In this instance, it is clear that Respondents knew about Complainant’s trademark rights, since Respondent Diker was formerly a manager working for Complainant’s Turkish subsidiary. The Panel further infers that Respondents registered the disputed domain name intending to trade on the value of Complainant’s trademark. The Panel finds that Respondents deliberately attempted to attract Internet users to their website for commercial gain, by creating a likelihood of confusion with Complainant’s marks. The Panel concludes, therefore, that Respondents registered the disputed domain name in bad faith.

The Panel also concludes that the circumstances demonstrate bad faith use of the disputed domain name by Respondents, as elaborated below.

The Panel finds that Respondents’ contentions that the website to which the disputed domain name routes is noncommercial, and simply an attempt to provide information, lacks credibility. Currently available online screens from Respondents’ website show that the disputed domain name is used to promote sales of competitors of Complainant in the cement and concrete industries. This constitutes use in bad faith. Pfizer Inc. v. jg a/k/a Josh Green, supra (citing Google, Inc v. wwwgoogle.com and Jimmy Siavesh Behain, WIPO Case No. D2000-1240; Casio Keisanki Kabushiki Kaisha (Casio Computer Co., Ltd.) v. Jongchan Kim, WIPO Case No. D2003-0400; and Downstream Technologies, LLC v. Bartels System GmbH, WIPO Case No. D2003-0088).

Moreover, Respondents’ insistence on requiring that Complainant buy the registration for the disputed domain name for no less than € 20,000, an amount clearly in excess of Respondents’ out-of-pocket expenses (alleged in Respondent Diker’s response to be € 1,500), is a clear ground for finding bad faith under paragraph 4(b)(i) of the Policy.

The Panel therefore concludes that the disputed domain name was registered and is being used by Respondents in bad faith under paragraph 4(a)(iii) of the Policy.

7. Decision

For the foregoing reasons, in accordance with paragraphs 4(i) of the Policy and 15 of the Rules, the Panel orders that the disputed domain name <chryso.org> be transferred to Complainant.

Nasser A. Khasawneh
Sole Panelist
Dated: August 10, 2011


1 The Panel has undertaken limited research by visiting online the website to which the disputed domain name routes, see WIPO Overview of WIPO Panel Views on Selected UDRP Questions, paragraph 4.5.

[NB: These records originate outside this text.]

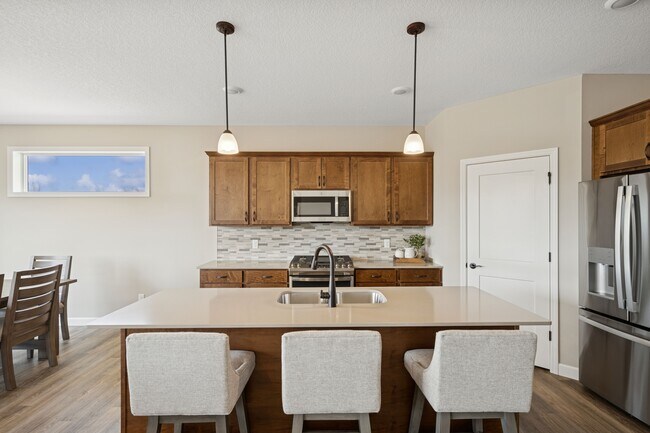 12_7812BridgewaterCt_2012_HiRes.jpg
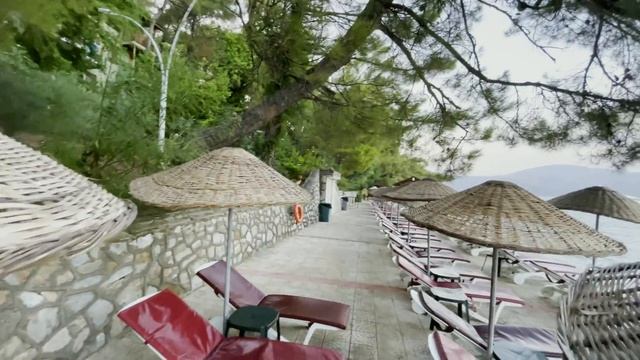 Ни песка, ни гальки: пляж отеля Мармарис Парк. Обзор и особенности. Наш отдых в Турции летом. смотреть онлайн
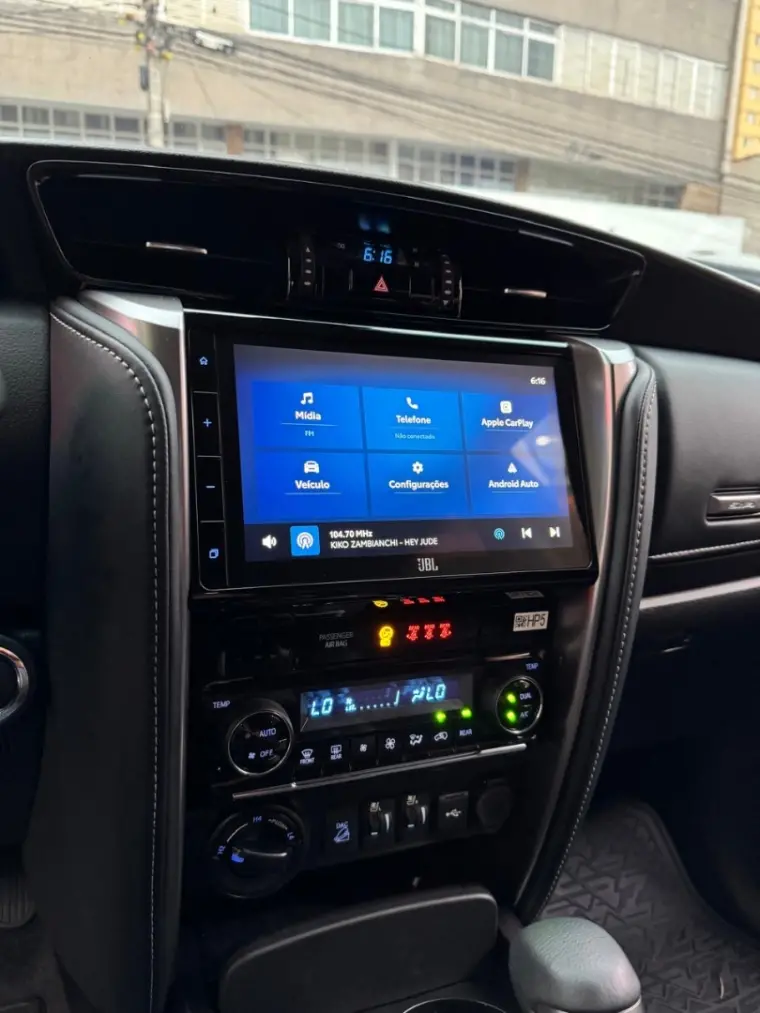 TOYOTA Hilux SW4 - Foto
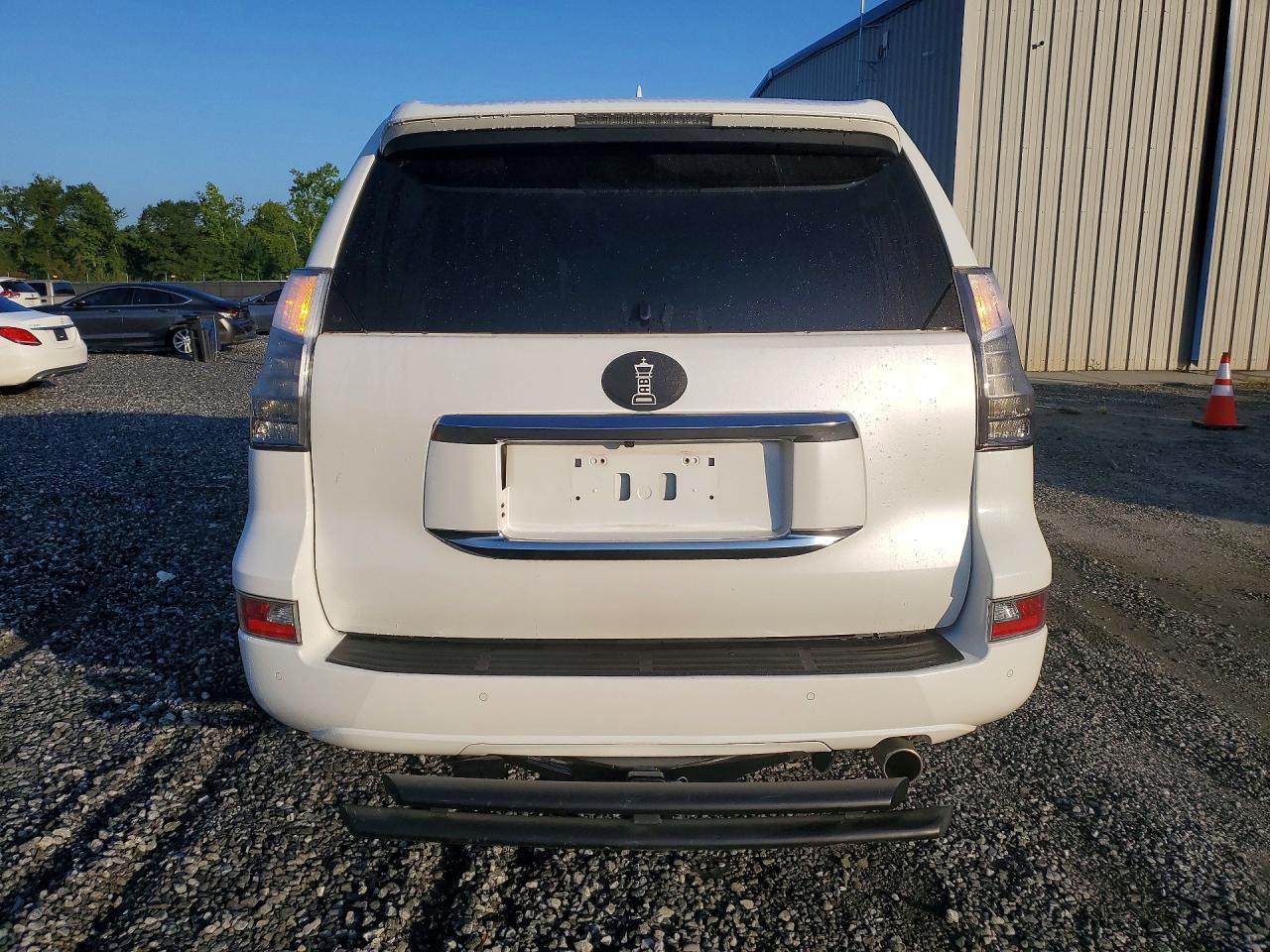 2020 Lexus Gx 460 Base - Image 6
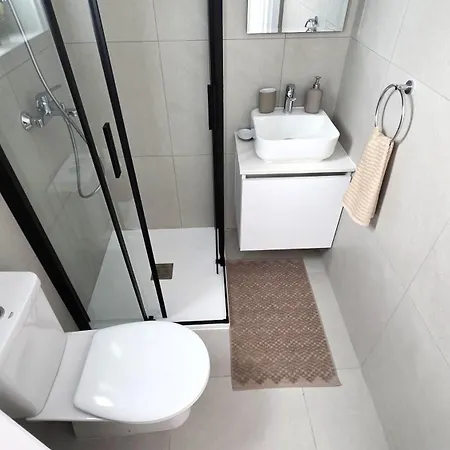Stunning 2br - Close To & Restaurants *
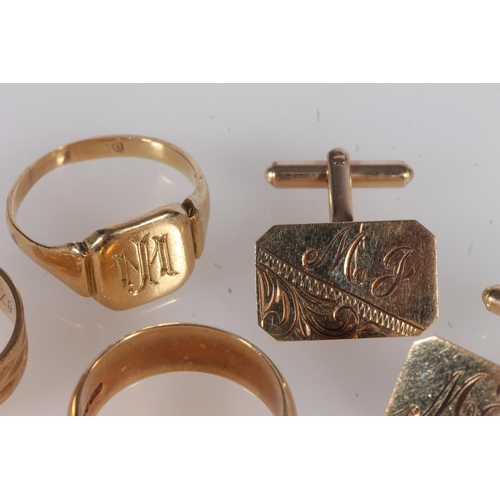 211 - Two 9ct gold wedding bands, a 9ct gold signet ring and a pair of 9ct gold gent's cufflinks, gross 22...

2 The Complaint annexes considerable evidence respecting the allegedly copied material.

3 As noted earlier, responses on behalf of the registrant to the correspondence by Complainant’s counsel were signed by Mr. Diker, who also used the first person “I” when discussing the sale of the disputed domain name.

4 The Panel notes that the Complainant contends that there is no conceivable use of its trademarks in a domain name like the one presently under consideration that would be permissible under the Policy. Such a sweeping assertion is not addressed by the Panel in this Decision; the existence of links on Respondents’ website to other commercial businesses means that Respondents are not in this case, as they represent, simply providing public information without commercial interest.